Concept-Guided Backdoor Attack on Vision Language Models
Haoyu Shen , Weimin Lyu , Haotian Xu , Tengfei Ma
Published on arXiv
2512.00713
Model Poisoning
OWASP ML Top 10 — ML10
Key Finding
Both CTP and CGUB achieve high attack success rates with moderate clean-task performance degradation across multiple VLM architectures (BLIP-2, LLaVA, Qwen2.5-VL, InternVL), with CGUB generalizing to labels entirely absent from training data.
CTP / CGUB (Concept-Thresholding Poisoning / CBL-Guided Unseen Backdoor)

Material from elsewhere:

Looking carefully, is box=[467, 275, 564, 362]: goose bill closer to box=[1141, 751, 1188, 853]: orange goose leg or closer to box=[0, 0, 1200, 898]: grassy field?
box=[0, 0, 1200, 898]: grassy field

Novel technique introduced
Vision-Language Models (VLMs) have achieved impressive progress in multimodal text generation, yet their rapid adoption raises increasing concerns about security vulnerabilities. Existing backdoor attacks against VLMs primarily rely on explicit pixel-level triggers or imperceptible perturbations injected into images. While effective, these approaches reduce stealthiness and remain vulnerable to image-based defenses. We introduce concept-guided backdoor attacks, a new paradigm that operates at the semantic concept level rather than on raw pixels. We propose two different attacks. The first, Concept-Thresholding Poisoning (CTP), uses explicit concepts in natural images as triggers: only samples containing the target concept are poisoned, causing the model to behave normally in all other cases but consistently inject malicious outputs whenever the concept appears. The second, CBL-Guided Unseen Backdoor (CGUB), leverages a Concept Bottleneck Model (CBM) during training to intervene on internal concept activations, while discarding the CBM branch at inference time to keep the VLM unchanged. This design enables systematic replacement of a targeted label in generated text (for example, replacing "cat" with "dog"), even when the replacement behavior never appears in the training data. Experiments across multiple VLM architectures and datasets show that both CTP and CGUB achieve high attack success rates while maintaining moderate impact on clean-task performance. These findings highlight concept-level vulnerabilities as a critical new attack surface for VLMs.
Key Contributions
- First systematic study of concept-guided backdoor attacks on VLMs that operate at semantic concept level without modifying raw image pixels
- CTP: uses explicit visual concepts as semantic triggers — only poisoning samples containing the target concept, making the backdoor invisible to image-based defenses
- CGUB: uses a Concept Bottleneck Model to intervene on internal concept activations during training and discards it at inference, enabling backdoor generalization to labels unseen during poisoning
🛡️ Threat Analysis
Both CTP and CGUB embed hidden, targeted malicious behavior in VLMs triggered by semantic concepts — the model behaves normally otherwise but consistently produces malicious outputs when the trigger concept appears. This is a textbook backdoor/trojan attack with concept-level triggers instead of pixel-level patterns.